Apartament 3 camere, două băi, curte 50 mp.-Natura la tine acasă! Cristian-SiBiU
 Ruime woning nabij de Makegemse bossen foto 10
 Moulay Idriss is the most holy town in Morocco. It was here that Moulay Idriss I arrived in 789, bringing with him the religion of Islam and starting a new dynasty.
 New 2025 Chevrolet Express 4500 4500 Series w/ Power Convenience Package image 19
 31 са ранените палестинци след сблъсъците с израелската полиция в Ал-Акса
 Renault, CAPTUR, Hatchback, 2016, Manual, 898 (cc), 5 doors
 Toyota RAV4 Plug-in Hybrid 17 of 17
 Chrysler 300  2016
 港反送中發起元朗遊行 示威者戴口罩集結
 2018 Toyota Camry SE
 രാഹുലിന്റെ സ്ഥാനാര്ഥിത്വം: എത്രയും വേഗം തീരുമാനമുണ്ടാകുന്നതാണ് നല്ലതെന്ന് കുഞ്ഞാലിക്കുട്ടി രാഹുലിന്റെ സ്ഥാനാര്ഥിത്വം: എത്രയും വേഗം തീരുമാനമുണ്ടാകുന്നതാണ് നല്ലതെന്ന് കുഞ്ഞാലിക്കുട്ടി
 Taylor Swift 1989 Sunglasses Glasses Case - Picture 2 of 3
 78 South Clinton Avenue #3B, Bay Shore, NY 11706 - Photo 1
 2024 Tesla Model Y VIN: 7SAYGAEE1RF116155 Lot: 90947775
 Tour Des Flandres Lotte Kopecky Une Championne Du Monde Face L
------------------------------------------------------------------------
● ABOUT THIS EXERCISE
All of the material, restated exactly, is the expected result.

● SOLUTION TO THIS PROBLEM
Apartament 3 camere, două băi, curte 50 mp.-Natura la tine acasă! Cristian-SiBiU
 Ruime woning nabij de Makegemse bossen foto 10
 Moulay Idriss is the most holy town in Morocco. It was here that Moulay Idriss I arrived in 789, bringing with him the religion of Islam and starting a new dynasty.
 New 2025 Chevrolet Express 4500 4500 Series w/ Power Convenience Package image 19
 31 са ранените палестинци след сблъсъците с израелската полиция в Ал-Акса
 Renault, CAPTUR, Hatchback, 2016, Manual, 898 (cc), 5 doors
 Toyota RAV4 Plug-in Hybrid 17 of 17
 Chrysler 300  2016
 港反送中發起元朗遊行 示威者戴口罩集結
 2018 Toyota Camry SE
 രാഹുലിന്റെ സ്ഥാനാര്ഥിത്വം: എത്രയും വേഗം തീരുമാനമുണ്ടാകുന്നതാണ് നല്ലതെന്ന് കുഞ്ഞാലിക്കുട്ടി രാഹുലിന്റെ സ്ഥാനാര്ഥിത്വം: എത്രയും വേഗം തീരുമാനമുണ്ടാകുന്നതാണ് നല്ലതെന്ന് കുഞ്ഞാലിക്കുട്ടി
 Taylor Swift 1989 Sunglasses Glasses Case - Picture 2 of 3
 78 South Clinton Avenue #3B, Bay Shore, NY 11706 - Photo 1
 2024 Tesla Model Y VIN: 7SAYGAEE1RF116155 Lot: 90947775
 Tour Des Flandres Lotte Kopecky Une Championne Du Monde Face L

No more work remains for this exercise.